In the entries below, find the line containing "SIEVERT Multi-Torch Brass" and the line containing "RELAXED WOOL-BLEND WIDE-LEG PANTS". Copy those two lines and everything between them exactly, and only that.
'''
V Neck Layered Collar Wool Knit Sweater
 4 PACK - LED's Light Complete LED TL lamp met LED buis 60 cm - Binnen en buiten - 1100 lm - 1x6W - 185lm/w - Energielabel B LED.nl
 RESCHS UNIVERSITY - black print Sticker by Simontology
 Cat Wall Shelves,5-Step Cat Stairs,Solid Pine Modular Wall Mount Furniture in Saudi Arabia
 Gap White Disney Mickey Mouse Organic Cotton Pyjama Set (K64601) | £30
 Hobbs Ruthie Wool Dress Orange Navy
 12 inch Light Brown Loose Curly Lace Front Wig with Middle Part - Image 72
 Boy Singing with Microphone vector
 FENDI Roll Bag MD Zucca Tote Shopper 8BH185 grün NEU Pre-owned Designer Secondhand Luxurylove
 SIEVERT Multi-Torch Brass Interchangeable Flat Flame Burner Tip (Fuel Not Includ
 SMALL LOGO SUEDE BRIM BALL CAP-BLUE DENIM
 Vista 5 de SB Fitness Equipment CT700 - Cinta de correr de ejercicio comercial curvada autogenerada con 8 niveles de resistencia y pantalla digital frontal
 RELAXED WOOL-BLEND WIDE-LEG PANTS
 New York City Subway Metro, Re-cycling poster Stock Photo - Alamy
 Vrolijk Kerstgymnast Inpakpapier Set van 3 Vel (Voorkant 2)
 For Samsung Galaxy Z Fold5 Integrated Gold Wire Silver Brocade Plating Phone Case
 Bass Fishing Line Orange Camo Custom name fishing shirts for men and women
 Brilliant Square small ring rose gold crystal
'''
▶ **ANSWER FOR THIS EXERCISE**
 SIEVERT Multi-Torch Brass Interchangeable Flat Flame Burner Tip (Fuel Not Includ
 SMALL LOGO SUEDE BRIM BALL CAP-BLUE DENIM
 Vista 5 de SB Fitness Equipment CT700 - Cinta de correr de ejercicio comercial curvada autogenerada con 8 niveles de resistencia y pantalla digital frontal
 RELAXED WOOL-BLEND WIDE-LEG PANTS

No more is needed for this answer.